Manufacturer of Hydraulic Presses

Keep safety in mind when purchasing a press

August 29, 2011

When it comes to operator safety, the Occupational Safety and Health Administration of the United States claims that any machine part, function or process that may cause injury to the operator must be eliminated or safeguarded.

Keeping this in mind, when planning to buy a new hydraulic H-frame press, you should be cognizant of certain safety factors to ensure the protection of your employees. Here is a list of attributes you’ll want your next hydraulic H-frame press to have, that will help ensure a safe working environment.

A low maximum operating pressure:
Bigger is better when it comes to hydraulic presses. H-frame presses that use large bore cylinders have a lower P.S.I which results in maximum efficiency with much less risk for the operator. Presses that use smaller cylinders operate at an astounding 10,000 P.S.I.. Not only does this make them much more dangerous for the operator if a hose should rupture, but their oil temperatures are much higher causing a drop in efficiency.

Presence of a safety guard:
Proper guarding is the first line of defense for your operator and is often the only thing that can prevent potential injuries. Most guards can be easily mounted and will swing out of the way when the press is not in use and the operator needs access.

A well concealed motor:

The safest location for a motor on a hydraulic h-frame press is up and out of the way with no exposed pulleys or moving parts for the operator’s fingers or clothing to get caught on.

Ram speeds not exceeding 3/8” per second are safest:

A ram speed with less than 3/8 of an inch per second ensures a controlled and safe progression.
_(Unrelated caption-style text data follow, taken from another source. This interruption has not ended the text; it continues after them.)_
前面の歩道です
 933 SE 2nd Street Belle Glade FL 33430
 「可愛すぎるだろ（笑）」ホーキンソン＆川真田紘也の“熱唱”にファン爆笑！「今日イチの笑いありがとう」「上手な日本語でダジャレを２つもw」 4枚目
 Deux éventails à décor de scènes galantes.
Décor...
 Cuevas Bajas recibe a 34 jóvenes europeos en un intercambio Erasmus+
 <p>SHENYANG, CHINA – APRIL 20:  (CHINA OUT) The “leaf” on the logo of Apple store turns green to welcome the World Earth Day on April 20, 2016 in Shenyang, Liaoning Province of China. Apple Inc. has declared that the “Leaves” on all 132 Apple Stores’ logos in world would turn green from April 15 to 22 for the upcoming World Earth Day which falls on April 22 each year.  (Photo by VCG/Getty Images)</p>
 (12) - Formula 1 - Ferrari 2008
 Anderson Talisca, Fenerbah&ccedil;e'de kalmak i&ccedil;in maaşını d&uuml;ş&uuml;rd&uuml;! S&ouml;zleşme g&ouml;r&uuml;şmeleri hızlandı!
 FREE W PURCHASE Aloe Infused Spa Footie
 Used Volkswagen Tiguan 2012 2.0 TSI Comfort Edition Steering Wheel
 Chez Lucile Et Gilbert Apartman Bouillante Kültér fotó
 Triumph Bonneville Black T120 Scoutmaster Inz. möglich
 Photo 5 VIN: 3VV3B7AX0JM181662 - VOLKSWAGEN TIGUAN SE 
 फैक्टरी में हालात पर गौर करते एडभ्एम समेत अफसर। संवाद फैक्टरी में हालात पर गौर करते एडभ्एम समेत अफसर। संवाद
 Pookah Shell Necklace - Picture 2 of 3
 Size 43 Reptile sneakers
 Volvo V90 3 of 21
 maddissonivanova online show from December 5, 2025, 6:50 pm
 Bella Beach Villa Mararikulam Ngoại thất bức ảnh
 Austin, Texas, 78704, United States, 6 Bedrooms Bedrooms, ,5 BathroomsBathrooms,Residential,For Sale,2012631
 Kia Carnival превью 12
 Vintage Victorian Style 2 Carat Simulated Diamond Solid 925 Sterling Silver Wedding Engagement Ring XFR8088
Any speed greater than that requires that additional safety measures be taken for the employee.

In conclusion:
Design and functionality are of course important when looking into buying an h-frame press but do not overlook safety as a concern, remember as Ben Franklin once said, an ounce of prevention is worth a pound of cure, after all, your employees are your most valuable resource and their safety should always be of utmost importance.